The paper uses multiple braking events during a mountain descent with periodic cooling periods as the simulated case. Design targets are to keep the brake fluid below 140C, which is when wet brake fluid may boil. They point out it may not boil while driving, but up to 10 minutes after stopping, due to heat soak back into the caliper body.
In this paper, front wheel braking power is 7 times that of rear wheel braking. (Don't take the number of 7 as gospel, but it points out that the fronts do most of the work.)
Figure 8 shows measured temperatures; disc at 475C, pad surface at 475C, caliper bridge peaks at 150C, brake fluid at 120C. The fluid temp hits it's peak after the vehicle is stopped. These are with a cast iron caliper and semi-metallic pad. The computer model predicts well, as Figure 9 shows.
First simulation (figure 10) is to change to an aluminum caliper. Now the caliper bridge peaks at 200C and the brake fluid at 160C. The higher heat transfer rate of aluminum over cast iron pulls heat into the fluid, and this would predict a fluid boiling situation.
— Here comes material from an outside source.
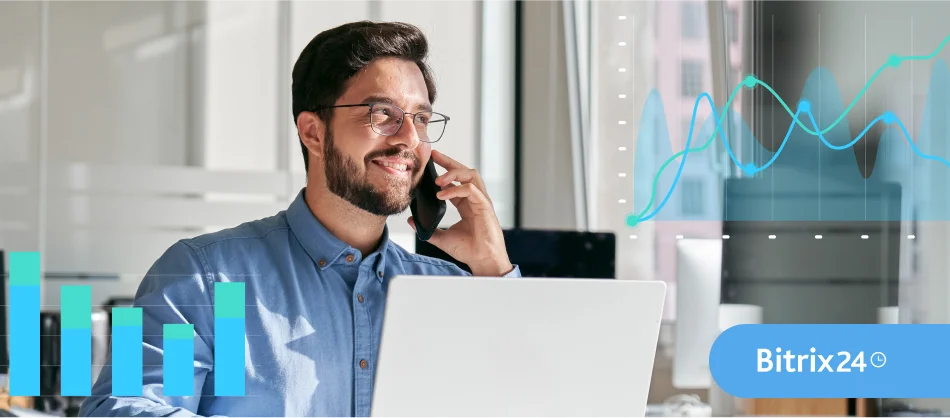 Transformacja obsługi klienta w Polsce: automatyzacja drogą do doskonałości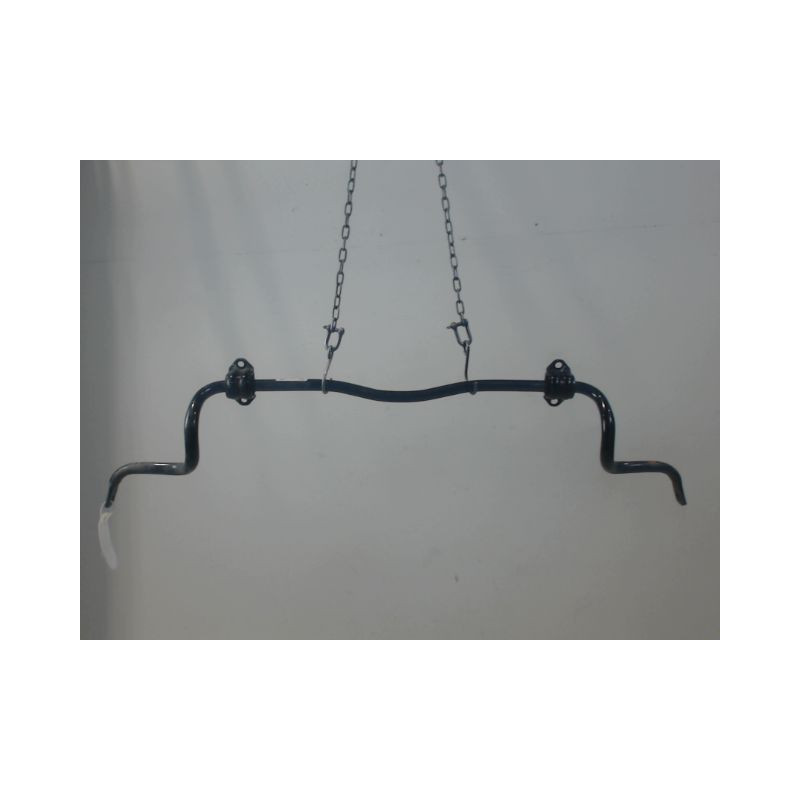 BARRE STABILISATRICE AVANT HYUNDAI I20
Second simulation (figure 11) is to keep the aluminum caliper and change to non-asbestos pads. Non-asbestos pads have much lower heat transfer rates, so the disc surface temperature rises to 525C, the pads surface to 500C, but the caliper bridge to only 110C, and keeps the fluid below 100C.
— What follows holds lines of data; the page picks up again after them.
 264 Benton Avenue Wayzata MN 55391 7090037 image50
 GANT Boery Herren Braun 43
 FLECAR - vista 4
Third simulation (figure 12) is with 2/3 worn down non-asbestos pads. Now the pads conduct more heat, so the disc peaks at 500C, the pads surface at 425C, the caliper at 175C, and the fluid at 150C.
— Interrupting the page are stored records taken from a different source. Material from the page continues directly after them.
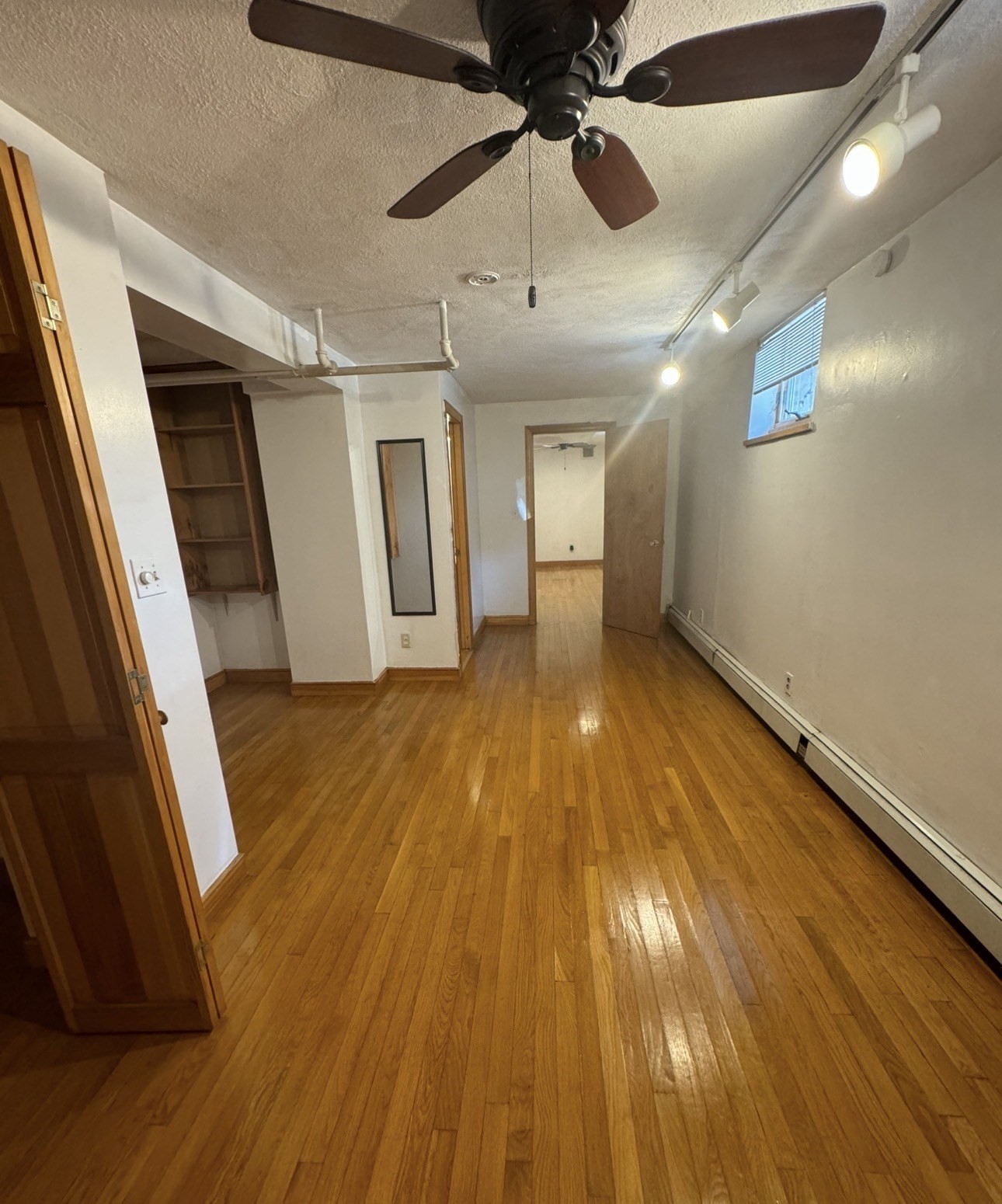 86 Chestnut St, Brookline, MA 02445 - Image 19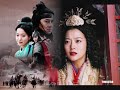 Kim-Hee-Seon-With-Ly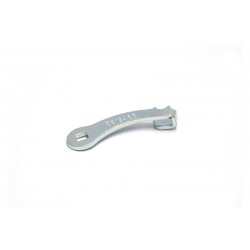 Sturmey Archer Brake Plate Lever – SBF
Summary: Use of aluminum calipers will cause higher brake fluid temperatures than with cast iron calipers. Use of non-asbestos pads will produce much lower brake fluid temperatures compared to semi-metallic pads. Worn down pads will allow higher brake fluid temperatures than new pads. Soak-back may boil fluid even after stopping.
What did we get out of this? (1) We're not going to change aluminum calipers back to cast iron, I know. (2) Cool down laps are important. (3) When you shop for pads, maybe the right question is how good of a heat barrier (insulator) are they rather than how much heat can they physically tolerate. Sometimes pads are "rated" as to what temperature they operate best at, which is important, but how much of that heat they transfer is also important. If you had two pads that "work" at 500C, you'd want the one with a lower heat transfer coefficient. (4) Another thing is that worn pads will transfer more heat into the caliper and brake fluid. Some of you knew this from experience, some of us found out by accident, maybe some actually blamed the pads as being no good. But pads that are 2/3 worn should probably be retired from track use.